**What needs to be done**
Exclude all pictures from your copy of the data below, which should otherwise match exactly.

Dataset records
-------------------------
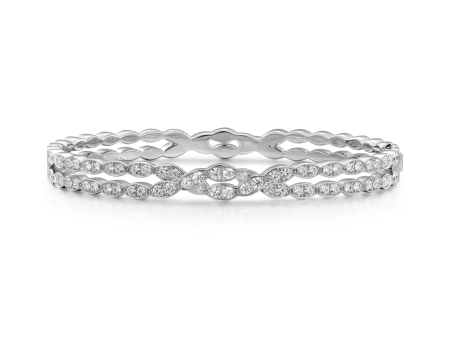 Lorelei Floral Diamond Double Twist Bangle For Discount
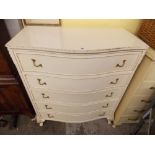 FRENCH STYLE CREAM SERPENTINE FIVE DRAWER CHEST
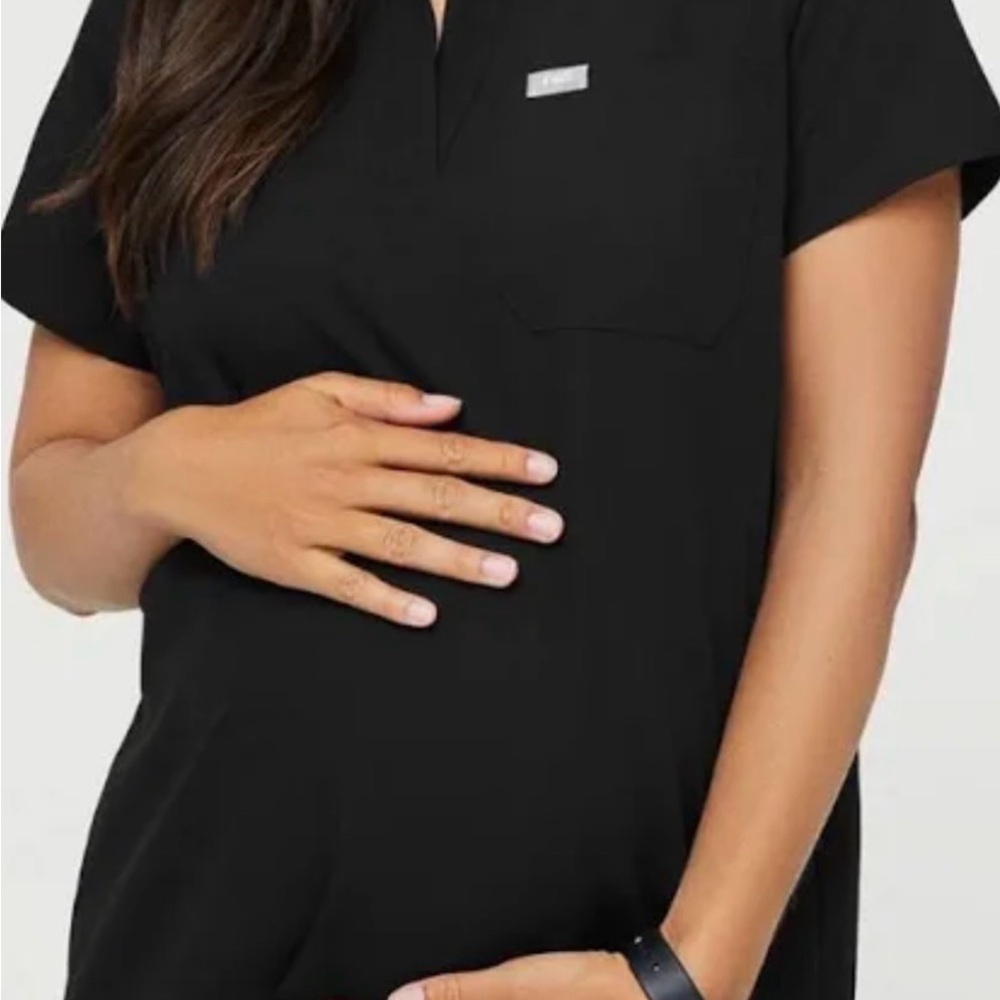 Figs Black Maternity Scrub Top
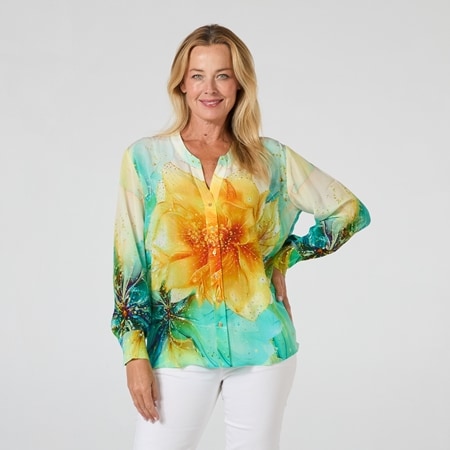 Silk Islands 100% Silk Blossom Button-Up Long Sleeve Shirt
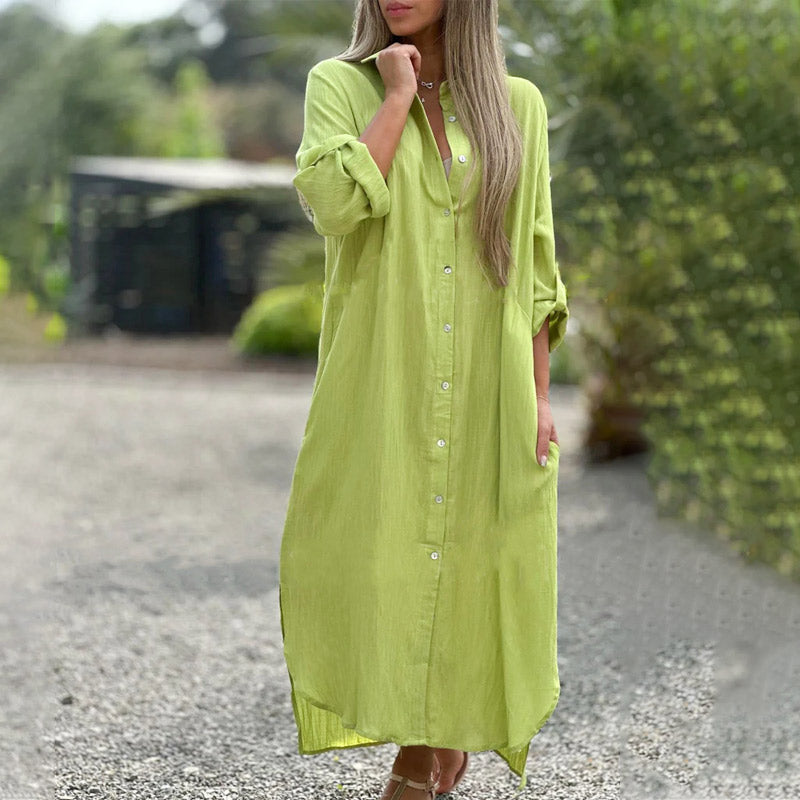 Alaina - Lässiges Leinen Kleid Mit Knöpfen Vorne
-------------------------
**Response area**
 Lorelei Floral Diamond Double Twist Bangle For Discount
 FRENCH STYLE CREAM SERPENTINE FIVE DRAWER CHEST
 Figs Black Maternity Scrub Top
 Silk Islands 100% Silk Blossom Button-Up Long Sleeve Shirt
 Alaina - Lässiges Leinen Kleid Mit Knöpfen Vorne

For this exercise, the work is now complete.